Key Challenge: Weather phenomena (rain, snow, fog, accumulation) are primarily tied to the scene's illumination rather than the inherent properties of the materials. Pixel-space methods fail to decouple these factors, creating an inherent conflict between "changing weather" and "preserving structure."
Goal: ① Reliably decompose images into intrinsic space (material, geometry, illumination) for large-scale outdoor/driving scenes; ② Synthesize target weather in intrinsic space with fine-grained text control; ③ Use the edited "clean" images to improve downstream perception.
Key Insight: The authors are inspired by diffusion-prior-based intrinsic decomposition/recomposition works like RGB↔X and DiffusionRenderer—however, those methods were only effective for indoor or object-level tasks and did not address weather or generalize to large-scale autonomous driving scenes. The authors argue that by improving decomposition quality for outdoor scenes, "weather editing" can be simplified to "modifying only the illumination map."

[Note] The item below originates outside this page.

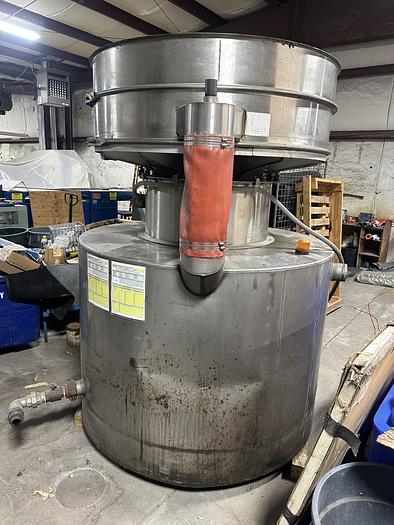 Used TEA  60" Shaker Screen with tank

Core Idea: Shift weather editing from pixel space to intrinsic space. Inverse rendering extracts weather-invariant material/geometry and a weather-dependent illumination map; forward rendering modifies only the illumination, using CLIP-space interpolation to control weather intensity while naturally preserving material and geometry.
Method¶
Overall Architecture¶
IntrinsicWeather consists of two complementary diffusion modules based on Stable Diffusion 3.5. The weather-aware inverse renderer decomposes the input image into a set of intrinsic maps: weather-invariant material maps (albedo, roughness, metallicity), a normal map, and an irradiance map capturing illumination and weather effects. The weather-conditioned forward renderer then combines these geometric/material maps with a text prompt describing the target weather to re-render a new image. In this pipeline—"Input → Intrinsic Maps → Re-rendered Image"—the key is that weather resides solely in the irradiance branch. Since material and geometry maps remain constant during editing, the system achieves controllable editing with high fidelity to geometry and material.

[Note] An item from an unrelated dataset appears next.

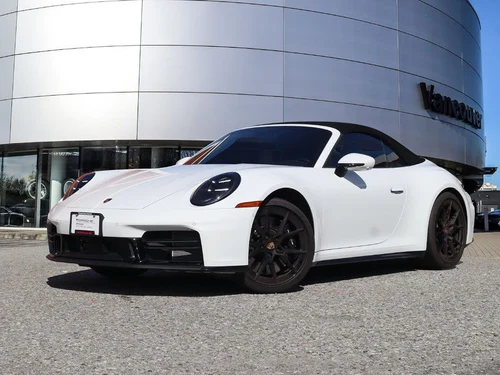 2025 Porsche 911 Carrera S Cabriolet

To ensure accurate decomposition in large outdoor scenes, the Intrinsic Map-Aware Attention (IMAA) is introduced to the inverse renderer. For continuous intensity adjustment, the forward renderer utilizes CLIP-space weather interpolation. To bridge the domain gap for real-world generalization, the authors constructed two datasets (Synthetic + Real) with intrinsic map annotations.

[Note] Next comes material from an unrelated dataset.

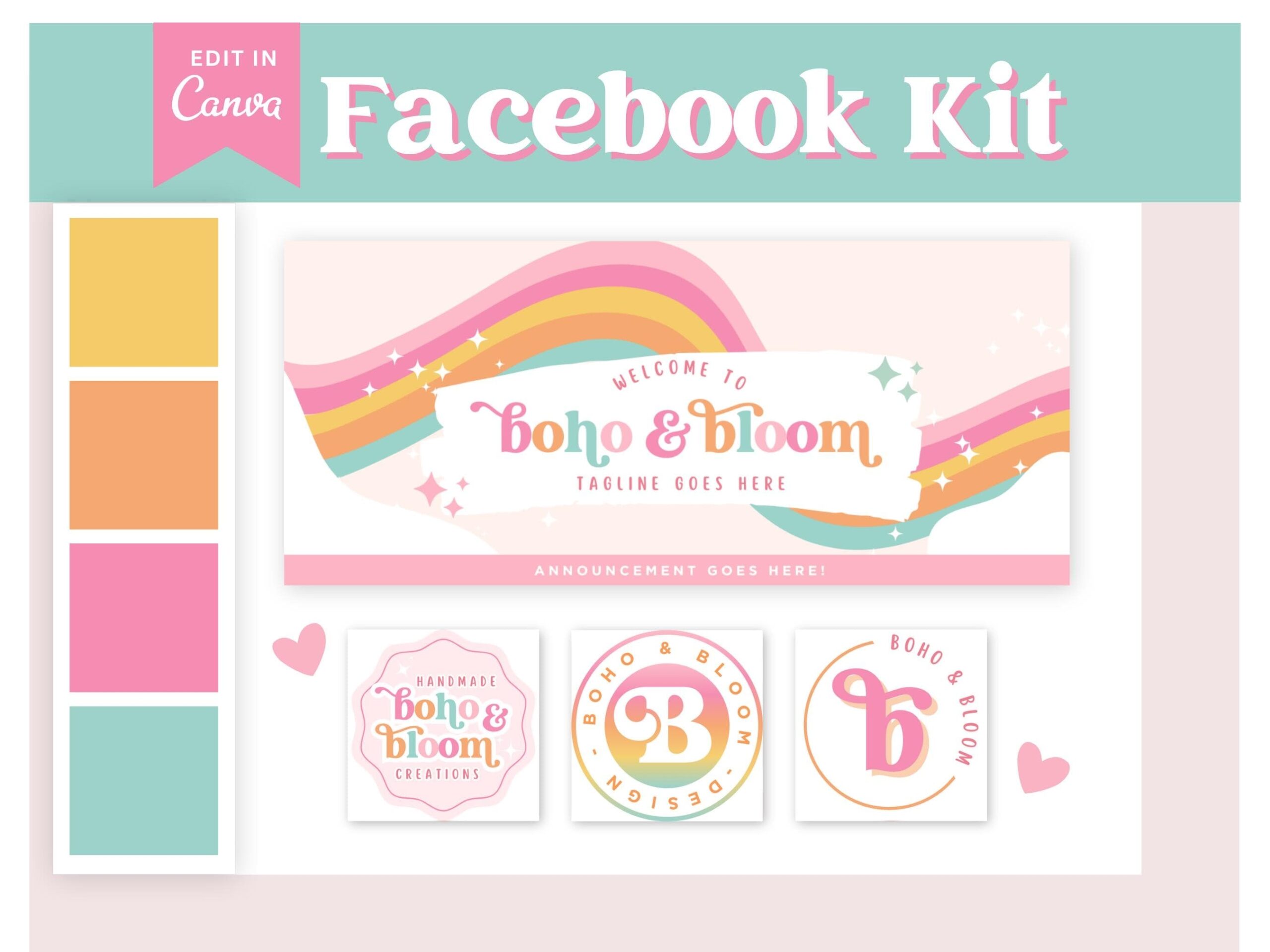 Free Printable Facebook Template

%%{init: {'flowchart': {'rankSpacing': 24, 'nodeSpacing': 28, 'padding': 6, 'wrappingWidth': 400}}}%%
flowchart TD
A["Input Image"] --> B["Weather-Aware Inverse Renderer<br/>Decomposes Intrinsic Maps"]
B --> C["Intrinsic Map-Aware Attention (IMAA)<br/>Gating-guided attention on key regions"]
C --> D["Weather-Invariant: Material + Normals<br/>Weather-Dependent: Irradiance"]
D --> E["Weather-Conditioned Forward Renderer<br/>Re-renders only illumination"]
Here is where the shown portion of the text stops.